# Recorded data
*** Begin section ***
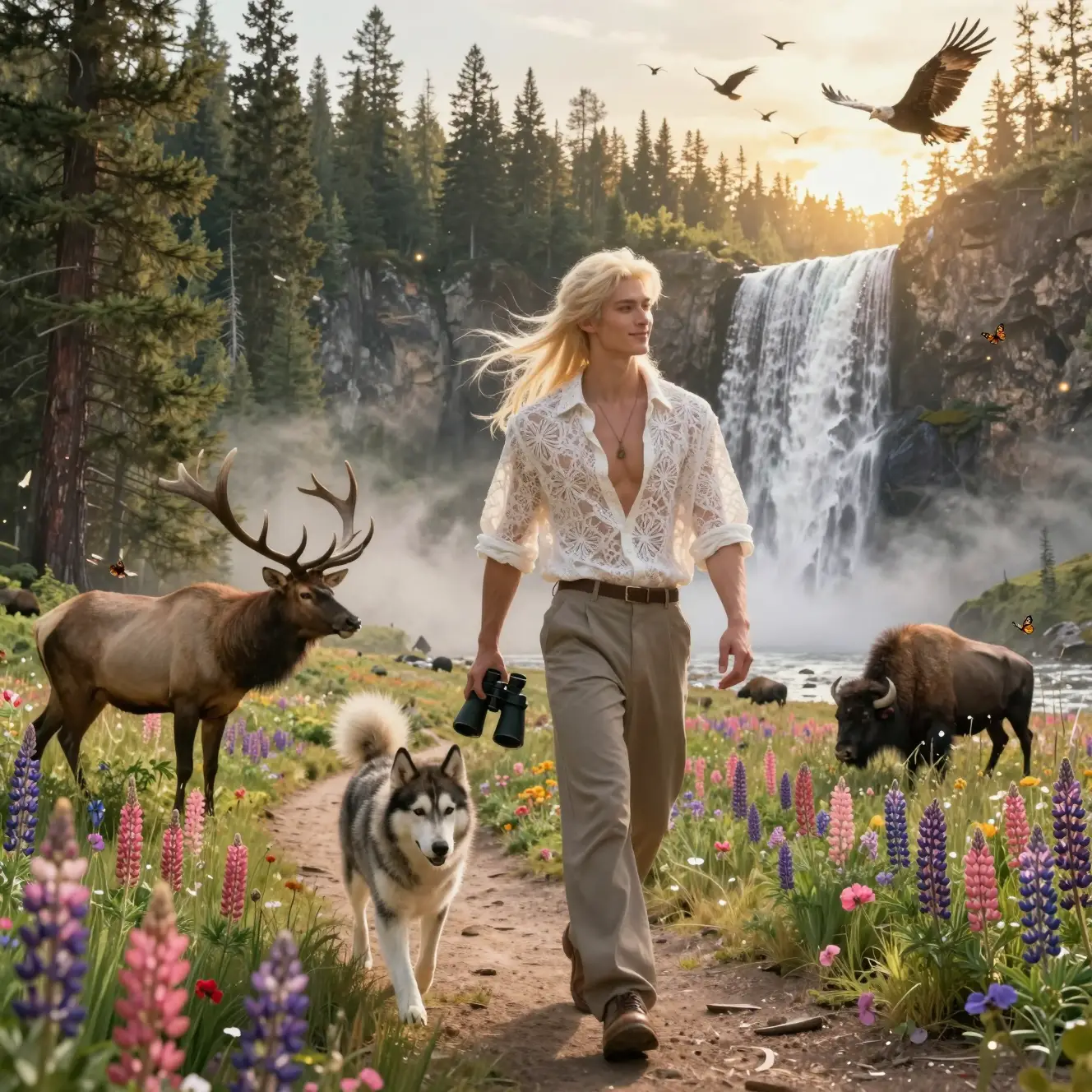 Hombre rubio con husky caminando por un bosque de pinos bañado por el sol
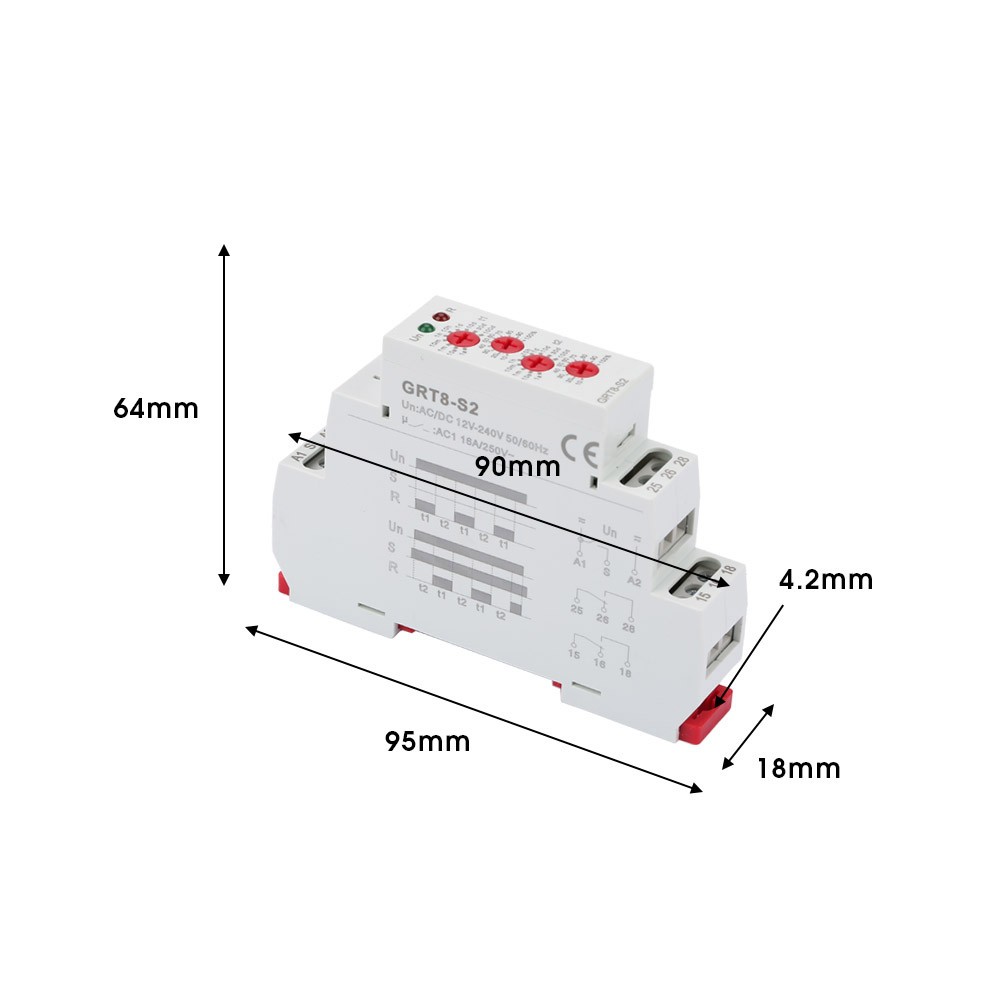 GRT8-S2 Mini Asymmetric Cycle Timer ON/OFF Repeat Cycle Time Relay AC/DC 12-240V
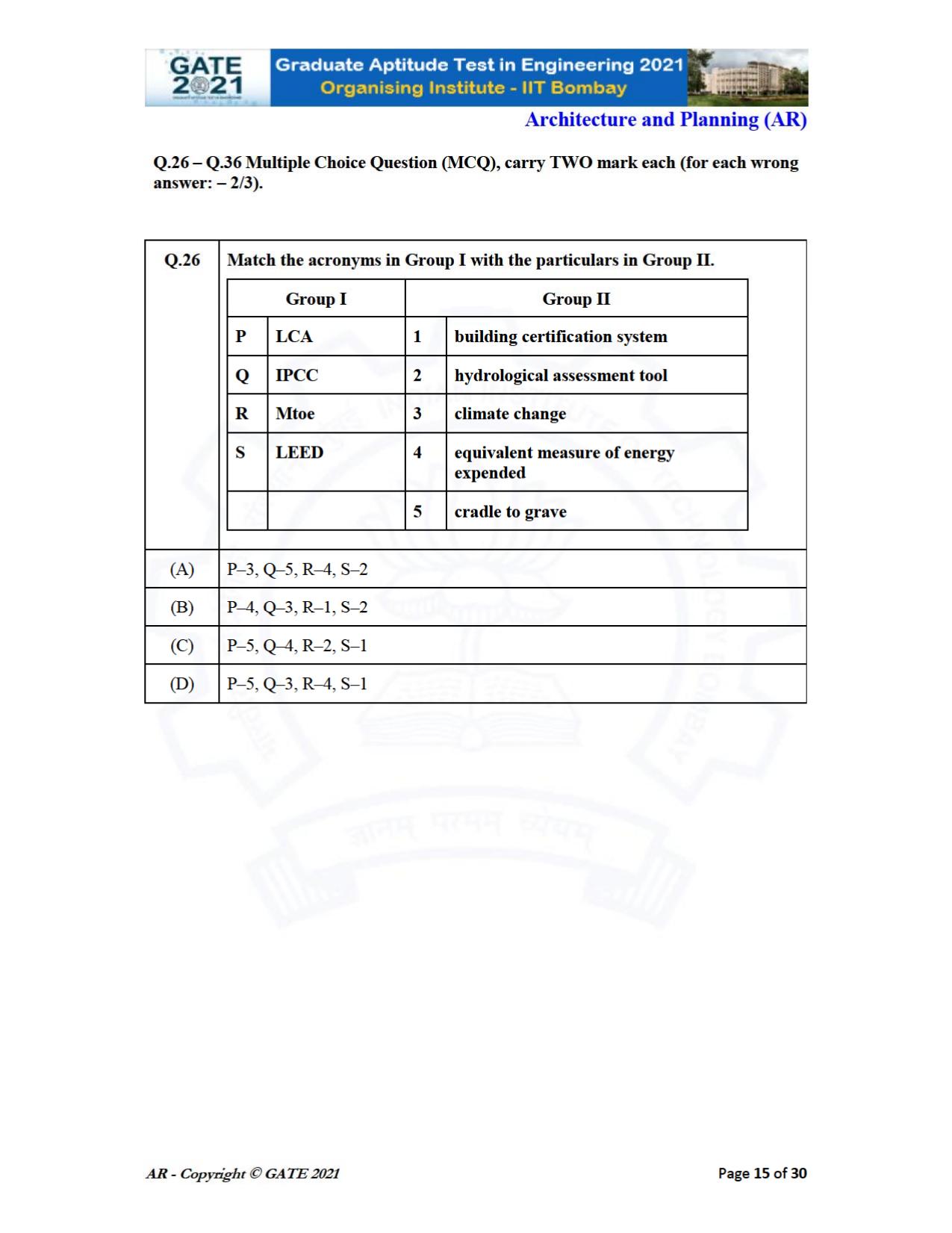 GATE 2021 Architecture and Planning (AR) Question Paper - Page 15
*** End section ***
# Problem requirements
Print each line of the listing exactly and include no pictures.

# Written solution
 Hombre rubio con husky caminando por un bosque de pinos bañado por el sol
 GRT8-S2 Mini Asymmetric Cycle Timer ON/OFF Repeat Cycle Time Relay AC/DC 12-240V
 GATE 2021 Architecture and Planning (AR) Question Paper - Page 15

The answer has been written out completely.